# Problem statement
Look through the listing below for the line containing "In this tutorial, we". Copy it and each line after it up to and including the line containing "And let's put", exactly, leaving out pictures.

# Available data
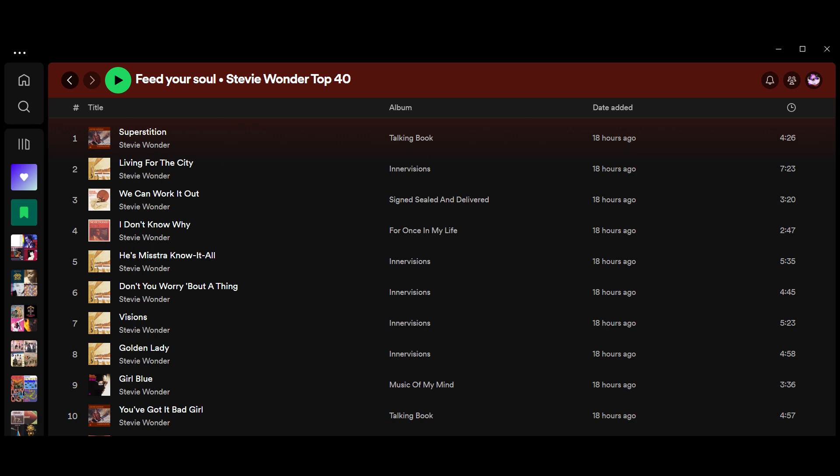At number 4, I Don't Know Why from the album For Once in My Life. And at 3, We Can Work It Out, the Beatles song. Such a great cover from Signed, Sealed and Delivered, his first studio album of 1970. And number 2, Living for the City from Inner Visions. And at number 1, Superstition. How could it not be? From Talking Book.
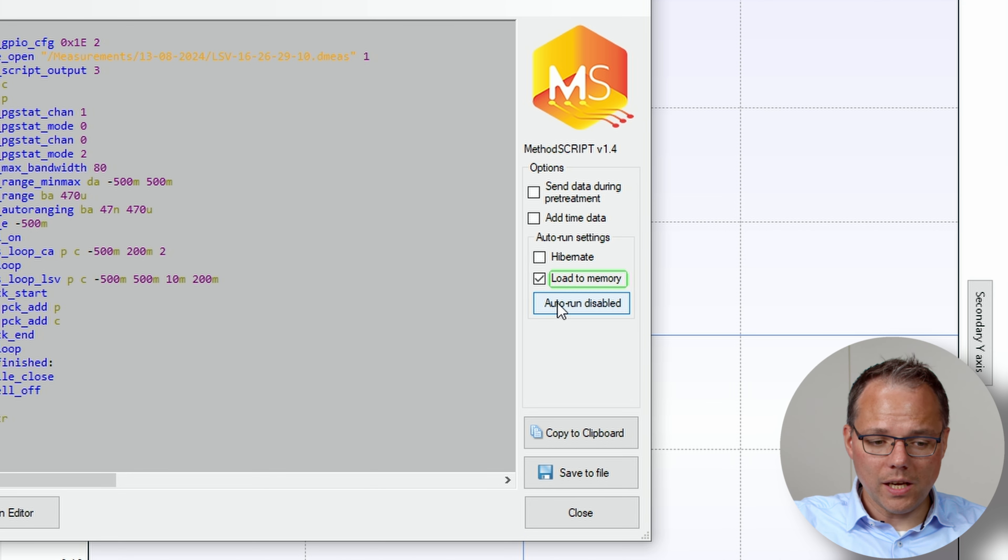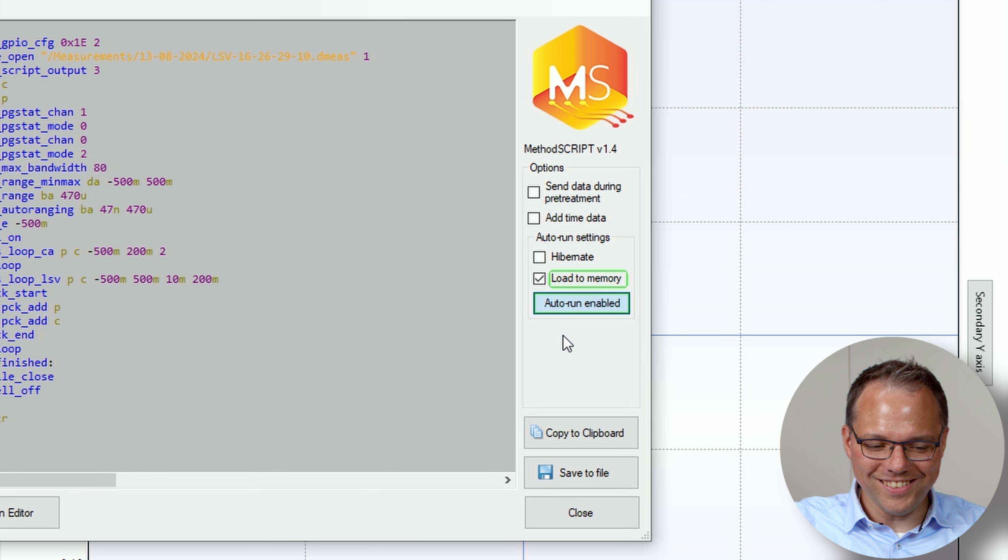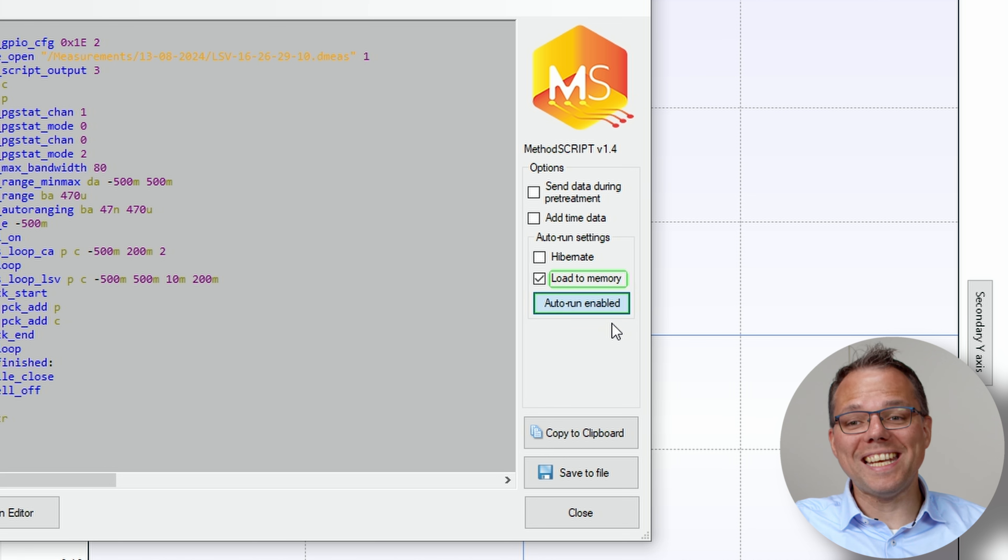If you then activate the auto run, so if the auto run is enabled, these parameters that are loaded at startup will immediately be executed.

---

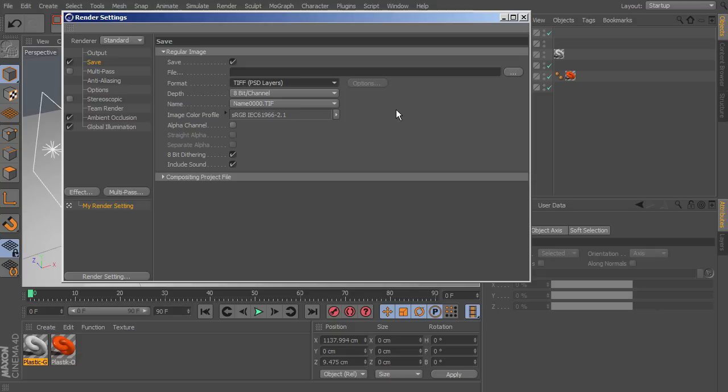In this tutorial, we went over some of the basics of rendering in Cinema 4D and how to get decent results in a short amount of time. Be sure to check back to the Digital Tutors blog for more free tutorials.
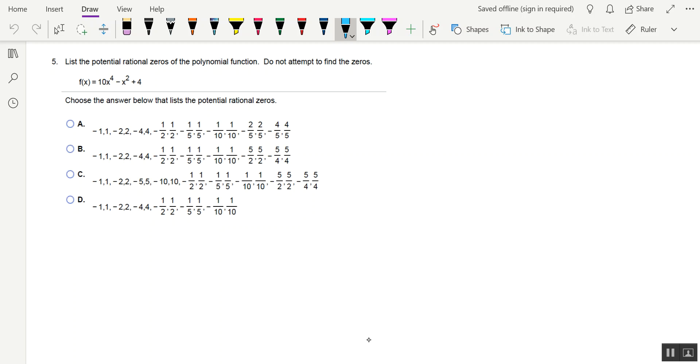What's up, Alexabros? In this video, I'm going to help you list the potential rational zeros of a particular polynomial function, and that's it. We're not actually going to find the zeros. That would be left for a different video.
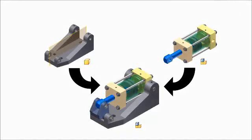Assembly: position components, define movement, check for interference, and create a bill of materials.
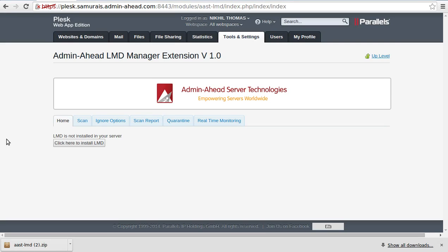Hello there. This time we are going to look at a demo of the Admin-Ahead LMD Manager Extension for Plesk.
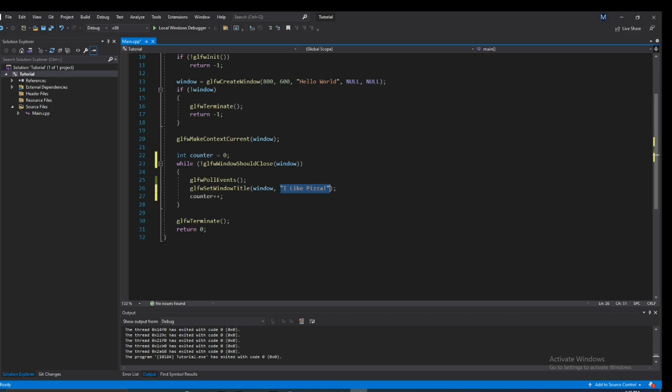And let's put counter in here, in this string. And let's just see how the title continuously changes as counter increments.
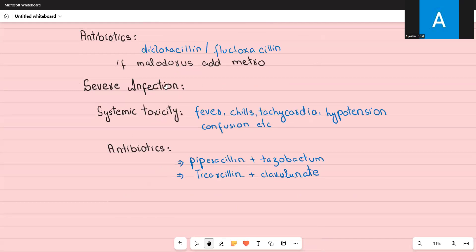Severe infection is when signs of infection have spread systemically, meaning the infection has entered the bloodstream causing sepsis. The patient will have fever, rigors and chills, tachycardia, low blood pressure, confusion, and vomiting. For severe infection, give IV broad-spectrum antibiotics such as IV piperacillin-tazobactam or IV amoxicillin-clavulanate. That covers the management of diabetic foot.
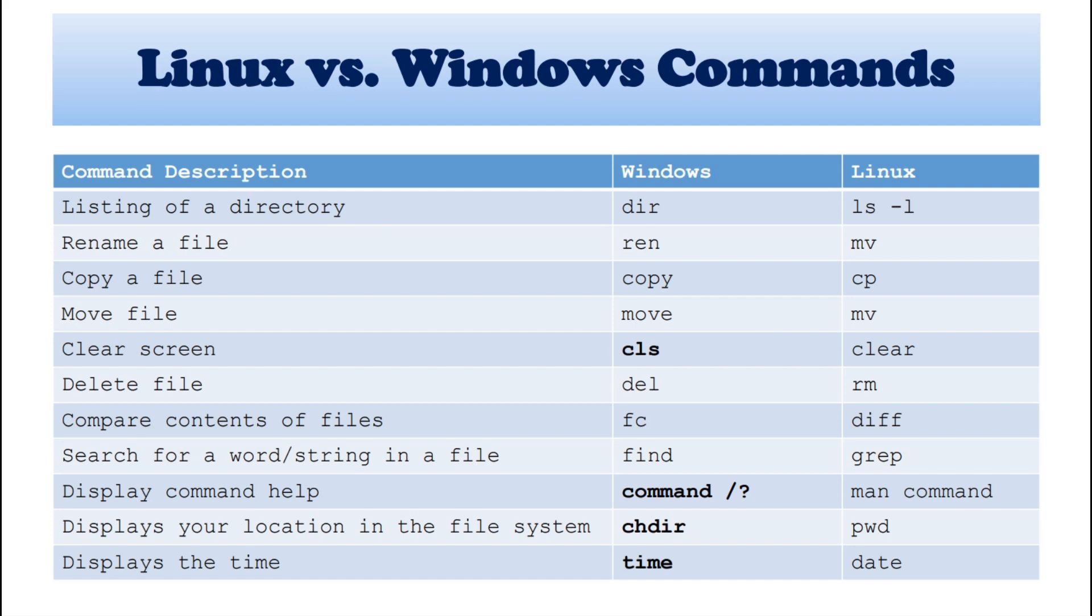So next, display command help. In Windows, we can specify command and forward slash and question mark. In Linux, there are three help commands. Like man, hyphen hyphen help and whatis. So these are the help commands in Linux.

# Expected output
In this tutorial, we went over some of the basics of rendering in Cinema 4D and how to get decent results in a short amount of time. Be sure to check back to the Digital Tutors blog for more free tutorials.
What's up, Alexabros? In this video, I'm going to help you list the potential rational zeros of a particular polynomial function, and that's it. We're not actually going to find the zeros. That would be left for a different video.
Assembly: position components, define movement, check for interference, and create a bill of materials.
Hello there. This time we are going to look at a demo of the Admin-Ahead LMD Manager Extension for Plesk.
And let's put counter in here, in this string. And let's just see how the title continuously changes as counter increments.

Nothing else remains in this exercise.